_WHAT THE EXERCISE ASKS_.
Starting at the first line, copy the data below through to the end, exactly.
═══ TASK DATA ═══
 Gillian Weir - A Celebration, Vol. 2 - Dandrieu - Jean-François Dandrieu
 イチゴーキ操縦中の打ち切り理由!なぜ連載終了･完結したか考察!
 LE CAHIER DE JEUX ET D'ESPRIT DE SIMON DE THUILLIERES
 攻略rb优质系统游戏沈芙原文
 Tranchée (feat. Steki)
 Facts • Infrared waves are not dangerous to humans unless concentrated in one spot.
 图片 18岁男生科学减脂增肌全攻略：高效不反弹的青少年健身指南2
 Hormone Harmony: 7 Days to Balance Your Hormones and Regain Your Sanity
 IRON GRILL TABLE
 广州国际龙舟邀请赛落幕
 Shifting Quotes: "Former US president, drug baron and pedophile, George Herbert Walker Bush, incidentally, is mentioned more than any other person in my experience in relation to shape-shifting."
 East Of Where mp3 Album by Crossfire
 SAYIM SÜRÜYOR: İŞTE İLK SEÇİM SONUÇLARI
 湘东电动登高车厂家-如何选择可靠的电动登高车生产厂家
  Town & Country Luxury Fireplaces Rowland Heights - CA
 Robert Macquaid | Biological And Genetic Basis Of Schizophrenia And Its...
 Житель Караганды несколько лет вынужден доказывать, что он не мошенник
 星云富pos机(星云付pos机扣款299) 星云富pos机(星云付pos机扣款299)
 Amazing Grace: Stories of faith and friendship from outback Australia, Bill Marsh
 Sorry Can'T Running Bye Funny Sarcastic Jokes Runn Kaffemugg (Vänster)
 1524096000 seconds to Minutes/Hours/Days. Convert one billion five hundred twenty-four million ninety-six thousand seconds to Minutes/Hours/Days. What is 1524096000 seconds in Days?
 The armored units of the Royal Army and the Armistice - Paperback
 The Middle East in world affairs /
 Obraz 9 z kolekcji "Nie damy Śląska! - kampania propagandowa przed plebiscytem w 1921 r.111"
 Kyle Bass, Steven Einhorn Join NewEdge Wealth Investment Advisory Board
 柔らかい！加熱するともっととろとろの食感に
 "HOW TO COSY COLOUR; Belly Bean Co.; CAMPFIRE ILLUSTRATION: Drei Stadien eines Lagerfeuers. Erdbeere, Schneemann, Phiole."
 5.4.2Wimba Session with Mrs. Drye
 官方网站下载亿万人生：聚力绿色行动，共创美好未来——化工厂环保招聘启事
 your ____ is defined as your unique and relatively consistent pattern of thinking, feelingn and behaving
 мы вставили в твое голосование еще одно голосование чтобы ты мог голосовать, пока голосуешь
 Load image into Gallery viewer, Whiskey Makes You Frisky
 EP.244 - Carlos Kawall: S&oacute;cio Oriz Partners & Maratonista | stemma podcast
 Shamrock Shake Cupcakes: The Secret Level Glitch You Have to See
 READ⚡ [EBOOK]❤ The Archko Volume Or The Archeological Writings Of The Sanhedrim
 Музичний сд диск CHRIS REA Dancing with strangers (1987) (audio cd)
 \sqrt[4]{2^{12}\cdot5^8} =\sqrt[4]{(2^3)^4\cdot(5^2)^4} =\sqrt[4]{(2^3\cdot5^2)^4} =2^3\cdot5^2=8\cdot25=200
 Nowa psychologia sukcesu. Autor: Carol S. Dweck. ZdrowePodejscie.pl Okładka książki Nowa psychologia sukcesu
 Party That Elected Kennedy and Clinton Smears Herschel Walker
═══
_RESPONSE AREA_.
 Gillian Weir - A Celebration, Vol. 2 - Dandrieu - Jean-François Dandrieu
 イチゴーキ操縦中の打ち切り理由!なぜ連載終了･完結したか考察!
 LE CAHIER DE JEUX ET D'ESPRIT DE SIMON DE THUILLIERES
 攻略rb优质系统游戏沈芙原文
 Tranchée (feat. Steki)
 Facts • Infrared waves are not dangerous to humans unless concentrated in one spot.
 图片 18岁男生科学减脂增肌全攻略：高效不反弹的青少年健身指南2
 Hormone Harmony: 7 Days to Balance Your Hormones and Regain Your Sanity
 IRON GRILL TABLE
 广州国际龙舟邀请赛落幕
 Shifting Quotes: "Former US president, drug baron and pedophile, George Herbert Walker Bush, incidentally, is mentioned more than any other person in my experience in relation to shape-shifting."
 East Of Where mp3 Album by Crossfire
 SAYIM SÜRÜYOR: İŞTE İLK SEÇİM SONUÇLARI
 湘东电动登高车厂家-如何选择可靠的电动登高车生产厂家
  Town & Country Luxury Fireplaces Rowland Heights - CA
 Robert Macquaid | Biological And Genetic Basis Of Schizophrenia And Its...
 Житель Караганды несколько лет вынужден доказывать, что он не мошенник
 星云富pos机(星云付pos机扣款299) 星云富pos机(星云付pos机扣款299)
 Amazing Grace: Stories of faith and friendship from outback Australia, Bill Marsh
 Sorry Can'T Running Bye Funny Sarcastic Jokes Runn Kaffemugg (Vänster)
 1524096000 seconds to Minutes/Hours/Days. Convert one billion five hundred twenty-four million ninety-six thousand seconds to Minutes/Hours/Days. What is 1524096000 seconds in Days?
 The armored units of the Royal Army and the Armistice - Paperback
 The Middle East in world affairs /
 Obraz 9 z kolekcji "Nie damy Śląska! - kampania propagandowa przed plebiscytem w 1921 r.111"
 Kyle Bass, Steven Einhorn Join NewEdge Wealth Investment Advisory Board
 柔らかい！加熱するともっととろとろの食感に
 "HOW TO COSY COLOUR; Belly Bean Co.; CAMPFIRE ILLUSTRATION: Drei Stadien eines Lagerfeuers. Erdbeere, Schneemann, Phiole."
 5.4.2Wimba Session with Mrs. Drye
 官方网站下载亿万人生：聚力绿色行动，共创美好未来——化工厂环保招聘启事
 your ____ is defined as your unique and relatively consistent pattern of thinking, feelingn and behaving
 мы вставили в твое голосование еще одно голосование чтобы ты мог голосовать, пока голосуешь
 Load image into Gallery viewer, Whiskey Makes You Frisky
 EP.244 - Carlos Kawall: S&oacute;cio Oriz Partners & Maratonista | stemma podcast
 Shamrock Shake Cupcakes: The Secret Level Glitch You Have to See
 READ⚡ [EBOOK]❤ The Archko Volume Or The Archeological Writings Of The Sanhedrim
 Музичний сд диск CHRIS REA Dancing with strangers (1987) (audio cd)
 \sqrt[4]{2^{12}\cdot5^8} =\sqrt[4]{(2^3)^4\cdot(5^2)^4} =\sqrt[4]{(2^3\cdot5^2)^4} =2^3\cdot5^2=8\cdot25=200
 Nowa psychologia sukcesu. Autor: Carol S. Dweck. ZdrowePodejscie.pl Okładka książki Nowa psychologia sukcesu
 Party That Elected Kennedy and Clinton Smears Herschel Walker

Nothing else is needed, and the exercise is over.